AdditiveDGP
AdditiveDGP generates datasets using a generalized additive model (GAM) structure: the target is a sum of univariate functions applied independently to each informative feature. This structure isolates individual feature contributions without cross-feature interactions.
Quick Start
import synthbench
from synthbench import BenchPipeline, AdditiveDGP
dgp = AdditiveDGP(complexity="medium", task_type="regression", random_state=0)
pipeline = BenchPipeline(dgp)
result = pipeline.run(n_samples=500, n_features=10, random_state=42)
print(result.X.shape) # (500, 10)
print(result.y.shape) # (500,)
print(list(result.metadata.keys()))
# Signal importances sum to 1.0
importances = result.metadata["signal_feature_importances"]

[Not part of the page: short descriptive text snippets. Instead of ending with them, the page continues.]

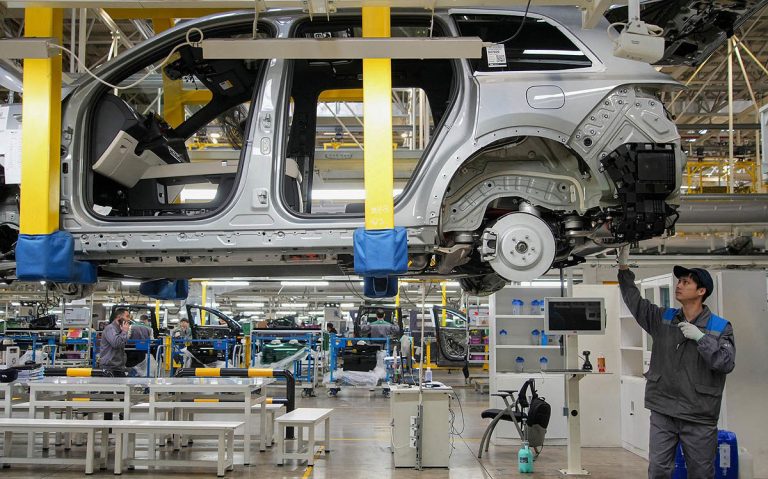 دو راهی خودروسازان چینی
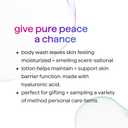 Method Body Wash (18oz) and Lotion (14oz) Gift Set, Pure Peace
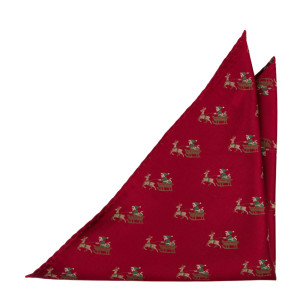 SLEIGHRIDER RED Einstecktuch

print(sum(importances.values())) # 1.0
Parameters
| Parameter | Default | Description |
|---|---|---|
complexity |
"medium" |
Controls number of additive components and their nonlinearity |
task_type |
"regression" |
"regression" for continuous target, "classification" for binary labels |
random_state |
0 |
Integer seed for reproducibility |
class_weight |
0.5 |
(Classification only) Fraction of samples in the positive class |
Notes
- Feature importances are empirical variance-based:
Var(w_i * f_i(X[:,i]))normalized over all informative components. - This captures how much each component actually contributes to output variance, not just its structural weight.
- Noise features receive exactly
0.0importance insignal_feature_importances. - Each univariate component can be a different function type (sin, polynomial, step, etc.) depending on complexity.